Sono ragazzi e ragazze che si divertono, giocano, saltano la corda e pregano tantissimo. E noi con loro. Per loro.

Ci sono alcune fotografie che sono dei simboli, come questa, scattata nella moschea della Pesantren “Al-Imam”. Io ho ascoltato per un giorno intero le storie e i sogni di questi ragazzi e ragazze. Le loro speranze. E vedere questa ragazza trovare un varco tra le sbarre, mi sembrava come se lei volesse uscire da questa situazione, superare le sbarre che la imprigionano nella sua condizione disagiata. Grazie alla preghiera, lo studio, l'amore dei suoi insegnanti, la forza delle sue amiche. Con la speranza che non ci siano mai sbarre per queste vite, e che crescere in condizioni difficili non sia un marchio a vita. Le cose possono cambiare in meglio, basta credreci. Basta trovare un varco.” 

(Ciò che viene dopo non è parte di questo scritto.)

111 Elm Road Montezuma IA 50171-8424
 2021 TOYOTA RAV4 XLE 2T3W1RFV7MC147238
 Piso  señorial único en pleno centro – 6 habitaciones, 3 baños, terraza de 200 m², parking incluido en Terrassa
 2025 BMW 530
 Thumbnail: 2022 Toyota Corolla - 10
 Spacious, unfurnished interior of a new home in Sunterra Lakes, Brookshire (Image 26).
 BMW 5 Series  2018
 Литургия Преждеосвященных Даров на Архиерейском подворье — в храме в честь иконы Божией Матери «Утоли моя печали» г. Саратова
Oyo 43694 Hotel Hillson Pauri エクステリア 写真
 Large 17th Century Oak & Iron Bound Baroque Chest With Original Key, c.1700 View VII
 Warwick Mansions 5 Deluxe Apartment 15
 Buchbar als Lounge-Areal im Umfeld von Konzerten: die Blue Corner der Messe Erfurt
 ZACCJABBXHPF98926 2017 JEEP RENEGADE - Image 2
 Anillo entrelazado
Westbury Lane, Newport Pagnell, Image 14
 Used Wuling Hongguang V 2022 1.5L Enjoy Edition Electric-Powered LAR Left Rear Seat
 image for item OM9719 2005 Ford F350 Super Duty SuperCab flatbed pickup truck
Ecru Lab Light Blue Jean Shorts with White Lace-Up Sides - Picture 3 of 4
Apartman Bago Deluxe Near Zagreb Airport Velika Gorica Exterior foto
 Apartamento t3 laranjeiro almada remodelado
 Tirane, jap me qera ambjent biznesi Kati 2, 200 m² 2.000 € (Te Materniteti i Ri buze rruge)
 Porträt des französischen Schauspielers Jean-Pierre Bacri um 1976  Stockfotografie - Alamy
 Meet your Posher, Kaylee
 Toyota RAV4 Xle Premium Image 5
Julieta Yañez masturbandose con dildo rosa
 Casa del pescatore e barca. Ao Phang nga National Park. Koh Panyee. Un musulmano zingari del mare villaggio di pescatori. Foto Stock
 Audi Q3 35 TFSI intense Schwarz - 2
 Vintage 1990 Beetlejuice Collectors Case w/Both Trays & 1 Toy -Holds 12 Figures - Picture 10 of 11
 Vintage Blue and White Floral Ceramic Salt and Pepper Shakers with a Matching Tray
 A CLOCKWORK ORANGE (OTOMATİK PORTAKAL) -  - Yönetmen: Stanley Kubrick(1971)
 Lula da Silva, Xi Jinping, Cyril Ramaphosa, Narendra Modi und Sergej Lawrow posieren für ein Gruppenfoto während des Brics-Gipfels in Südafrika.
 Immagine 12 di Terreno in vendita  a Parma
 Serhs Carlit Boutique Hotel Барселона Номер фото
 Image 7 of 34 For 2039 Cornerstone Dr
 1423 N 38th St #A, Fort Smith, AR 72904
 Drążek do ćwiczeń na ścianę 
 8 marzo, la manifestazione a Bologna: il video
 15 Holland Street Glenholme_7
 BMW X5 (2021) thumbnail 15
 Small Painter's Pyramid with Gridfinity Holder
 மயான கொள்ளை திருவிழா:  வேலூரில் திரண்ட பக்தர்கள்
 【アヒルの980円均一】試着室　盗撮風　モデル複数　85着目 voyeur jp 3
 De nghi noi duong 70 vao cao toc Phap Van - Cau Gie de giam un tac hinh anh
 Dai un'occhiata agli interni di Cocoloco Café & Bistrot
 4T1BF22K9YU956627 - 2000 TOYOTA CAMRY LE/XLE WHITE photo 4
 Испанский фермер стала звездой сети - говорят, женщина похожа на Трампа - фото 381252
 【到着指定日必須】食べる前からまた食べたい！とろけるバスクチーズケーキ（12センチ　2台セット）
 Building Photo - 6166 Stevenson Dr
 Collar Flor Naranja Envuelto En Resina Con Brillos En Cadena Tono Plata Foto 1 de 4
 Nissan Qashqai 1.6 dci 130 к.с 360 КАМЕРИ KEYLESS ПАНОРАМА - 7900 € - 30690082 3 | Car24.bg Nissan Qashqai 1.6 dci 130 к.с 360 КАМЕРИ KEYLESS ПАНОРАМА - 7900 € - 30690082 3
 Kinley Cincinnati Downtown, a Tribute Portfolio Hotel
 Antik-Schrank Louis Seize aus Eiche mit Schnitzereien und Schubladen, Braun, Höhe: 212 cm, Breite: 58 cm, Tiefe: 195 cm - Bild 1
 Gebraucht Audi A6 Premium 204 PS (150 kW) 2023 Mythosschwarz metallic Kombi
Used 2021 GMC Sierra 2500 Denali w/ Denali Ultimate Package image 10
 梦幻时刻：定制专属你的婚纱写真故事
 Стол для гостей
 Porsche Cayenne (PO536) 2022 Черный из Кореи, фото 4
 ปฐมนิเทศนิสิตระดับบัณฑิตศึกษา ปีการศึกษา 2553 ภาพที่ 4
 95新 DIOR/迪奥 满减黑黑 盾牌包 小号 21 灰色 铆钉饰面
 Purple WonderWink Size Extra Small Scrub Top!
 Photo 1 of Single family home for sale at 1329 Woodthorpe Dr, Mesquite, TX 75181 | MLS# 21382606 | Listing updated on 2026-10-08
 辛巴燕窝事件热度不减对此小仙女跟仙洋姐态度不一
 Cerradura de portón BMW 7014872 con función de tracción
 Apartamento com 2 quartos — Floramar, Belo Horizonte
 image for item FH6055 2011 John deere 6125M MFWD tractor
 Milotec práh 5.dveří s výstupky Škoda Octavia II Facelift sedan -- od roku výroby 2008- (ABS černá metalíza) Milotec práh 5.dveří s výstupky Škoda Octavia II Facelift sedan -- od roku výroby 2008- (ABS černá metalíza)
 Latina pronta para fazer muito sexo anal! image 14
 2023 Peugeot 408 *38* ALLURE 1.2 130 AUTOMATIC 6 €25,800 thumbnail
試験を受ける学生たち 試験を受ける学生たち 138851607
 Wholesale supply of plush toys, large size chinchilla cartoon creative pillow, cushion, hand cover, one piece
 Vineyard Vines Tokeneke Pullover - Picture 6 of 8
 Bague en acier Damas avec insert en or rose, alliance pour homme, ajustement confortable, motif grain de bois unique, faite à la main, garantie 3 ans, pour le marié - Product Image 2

(“Sweet light – Meraih Cahaya Melalui Fotografi”, Mizan, 2018)



Ricordo ancora con affetto quelle due giornate e la notte trascorse là, soprattutto una scena buffa.

Arrivai la sera tardi il primo giorno, perciò tutti già dormivano e io andai nel mio alloggio. Al mattino presto mi alzai con i raggi del sole e con un fruscio fuori la porta. Ovviamente, dato il caldo di quei luoghi, io dormivo sempre in pantaloncini corti e maglietta; incuriosito dal fruscio che veniva da fuori andai ad aprire la porta: mi trovai davanti sei ragazze completamente coperte da uno spesso niqab che lasciava scoperti solamente gli occhi, con le scope tradizionali indonesiane fatte di sottili rami di legno intrecciati, che stavano pulendo lo spazio davanti il mio alloggio. Appena ci guardammo entrambi ci fu un urlo da ambo le parti, per l'imbarazzo, dato che io ero in pantaloncini molto corti – io  chiusi la porta di colpo e loro corsero via di lato.

Dopo essermi vestito meglio uscii di nuovo e loro erano ancora là a pulire, mi scusai, mi presentai e feci le mie prime fotografie.

 


Il giorno stesso incontrai tutti gli studenti per un discorso sulla Fotografia e il mio lavoro. Nonostante la Scuola era severamente separata da una zona maschile e una femminile, io avevo il permesso di girare ovunque.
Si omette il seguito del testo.